Imaginary Porno Charades

In a shock move, Imaginary Porno Charades aren’t doing a 12-hour marathon this year. I don’t know what the reason is – it will probably be some flimsy reason about the health of the IPC team – but we’re going to have to settle for two 90-minute matches this time. For those of you unfamiliar with the format, this is basically a game of charades, where all the words are titles of imaginary porno movies. The good/bad news is that this is after my Brighton stint, so you won’t see me playing any roles from Daisy Pulls Me Off or Five Gays Named Moe this time. But there are always other Brighton Fringe performers dying to be guest and make complete tits of themselves, and you can see this at Sweet Werks on 1st & 2nd June at 10.00 p.m.


And finally, there’s this group that I discovered on my brief recon of improvised musicals. I can’t really give a definitive verdict of the Notflix team as I have no other improvised musicals to compare them to, but they certainly impressed me with what improvised musicals can do. I’d assume they had a bank of tunes to apply to the movies they make even worse versions of (for example, I saw the version of the Titanic where the evil captain send the ship into iceberg-infested waters only to be saved the the plucky Irish sailor on his first day of the job), but I am assured they make up the tunes and harmonies on the fly too. Two performances here to Komedia on 10th May at 9.00 p.m. then 20th May at 7.30 p.m.

And one more of note …

There’s one more thing for me to list. It’s something I wouldn’t normally list because the performer is, um, directing me for another play. But I’m going to list it anyway.

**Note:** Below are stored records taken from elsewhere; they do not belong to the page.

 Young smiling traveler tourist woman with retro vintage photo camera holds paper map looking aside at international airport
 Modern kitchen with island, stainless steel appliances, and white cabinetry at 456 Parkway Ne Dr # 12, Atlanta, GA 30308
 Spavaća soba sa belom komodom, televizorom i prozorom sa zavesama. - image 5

Yes, there’s a huge conflict of interest at play here – but I could hardly not list it. Groomed was the undisputed winner of Brighton Fringe 2016, getting five-star reviews from basically everyone and scooping about every award going. And it’s a ground-breaking play, with Patrick Sandford talking about his own experiences of abuse as a child. I don’t need to review this, because there’s plenty of other reviews already lavishing praise, but it’s long overdue that we are talking about this, but there’s no deny how much this done to get this conversation going. There is a one-off performance at Sweet Werks on 3rd May at 7.30 p.m.

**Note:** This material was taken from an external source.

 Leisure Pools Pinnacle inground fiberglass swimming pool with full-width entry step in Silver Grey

UPDATE 04/05: This performance sold out, but there’s now another performance on the 12th May at 12.15 p.m.

So there you go, 19 picks from me. But remember that there’s another 976 things in the programme that aren’t in this list. As always, think of this as a cross section of what’s worth watching rather than the whole list. So how will these fare? Who will be joining this list? Find out from the 3rd May, when daily coverage begins.